The Court rejects application of the continuing violation theory here based on the rationale of Bucy v. Aurora Loan Services, LLC, No. 2:10-cv-1050, 2011 WL 1044045 (S.D. Ohio Mar. 18, 2011). See also McNerney v. Mortg. Elec. Registration Sys., Inc., No. 09-cv-2625, 2010 WL 3222044, at *7 (N.D. Ohio Aug. 13, 2010). In Bucy, another judicial officer in this District addressed whether the continuing violation theory could salvage an OCSPA claim that was predicated on an allegedly fraudulent affidavit when the plaintiff asserted the claim after the two-year statute of limitations. That plaintiff sought to avoid the statute of limitations by directing attention away from the date on which the allegedly fraudulent affidavit was executed and filed in the foreclosure action and by focusing on the following additional factual allegations:

17. Defendant Aurora has engaged in a pattern and practice of unfair, deceptive, and unconscionable acts in violation of R.C. §§ 1345.02, 1345.03, and/or 1345.031 by authorizing and directing the filing of the affidavit in Exhibit "A" that was false and by proceeding to pursue a foreclosure action against Plaintiff in spite of the false affidavit.
Bucy, 2011 WL 1044045, at *3. Plaintiffs' amended complaint here essentially echoes the same contentions as in Bucy:
38. Defendants have engaged in a pattern and practice of unfair, deceptive, and unconscionable acts in violation of §§ 1345.02, 1345.03, and/or 1345.031 by, among other things, proceeding to pursue a foreclosure action against Plaintiffs and intentionally submitting in accurate information to the court in the Foreclosure Action.
(ECF No. 25 ¶ 38.) These allegations do not evade the statute of limitations.

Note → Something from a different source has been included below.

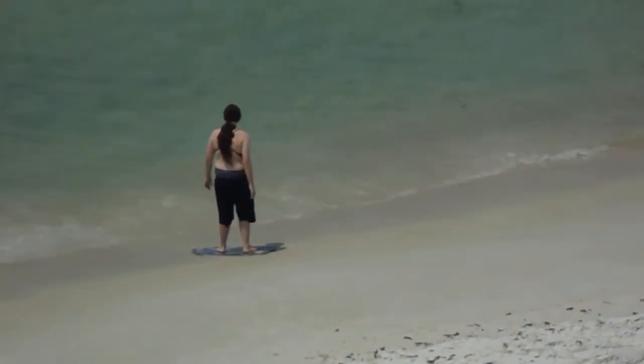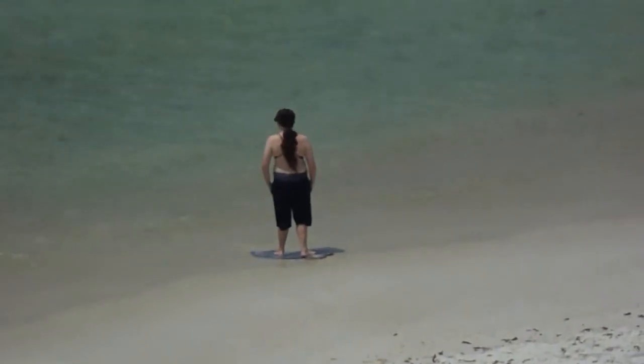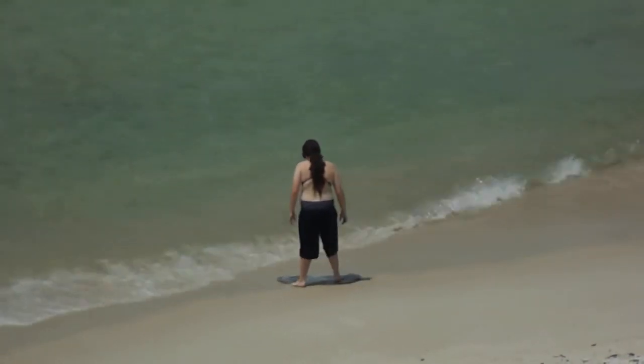Just keep standing. You'll get it eventually. Rock back and forth a little bit — that'll help.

The Bucy judge rejected the proposition that the post-affidavit proceedings in the foreclosure case presented a continuing violation, explaining:

In her response to Defendants' motion to dismiss, Plaintiff argues that Paragraph 17 of the Complaint sets forth the factual allegation that Defendants committed an ongoing violation of R.C. § 1345 by "proceeding to pursue a foreclosure action against Plaintiff in spite of the false affidavit." (Pl.'s Resp., page 10.) Under a continuing violation theory, "the statute of limitations does not begin to run on a continuing wrong until the wrong has been concluded." Ruth v. Unifund CCR Partners, No. 5:08CV2690, 2009 WL 585847, *11 (N.D. Ohio March 6, 2009), aff'd on certain grounds, Ruth v. Unifund CCR Partners, 604 F.3d 908 (6th Cir. 2010). Plaintiff asserts that Defendants continued to violate the CSPA, but the only fact alleged in support of that contention is that the foreclosure action itself continued to proceed. Plaintiff must know the relevant dates of the subsequent foreclosure proceedings, such as a sheriff's sale, but she has not supplied them, even in the face of Defendants' motion which highlights the statute of limitations as a basis for dismissal. . . .
. . .
Nowhere in Paragraph 17 is a statement of fact regarding any dates of the foreclosure action that refutes Defendants' assertion that Plaintiff's CSPA claim is untimely. Although the Civ.R. 12(b)(6) standard requires this Court to make inferences in favor of Plaintiff, this Court cannot infer from the vague statement "proceeding to pursue a foreclosure action against Plaintiff" to mean that violations of CSPA occurred within two years of the filing of the Complaint. Plaintiff has been given fair notice of the omission of a critical allegation, but she fails to identify any
dates beyond the signing of the Affidavit, its filing, and the judgment of the Common Pleas Court. "The court should not assume facts that could and should have been pled, but were not." [Bishop v. Lucent Tech., Inc., 520 F.3d 516, 522 (6th Cir. 2008).]
Id. at *3-4. Similarly, Plaintiffs here have failed to plead any dates following the filing of the last allegedly fraudulent affidavit on June 20, 2008.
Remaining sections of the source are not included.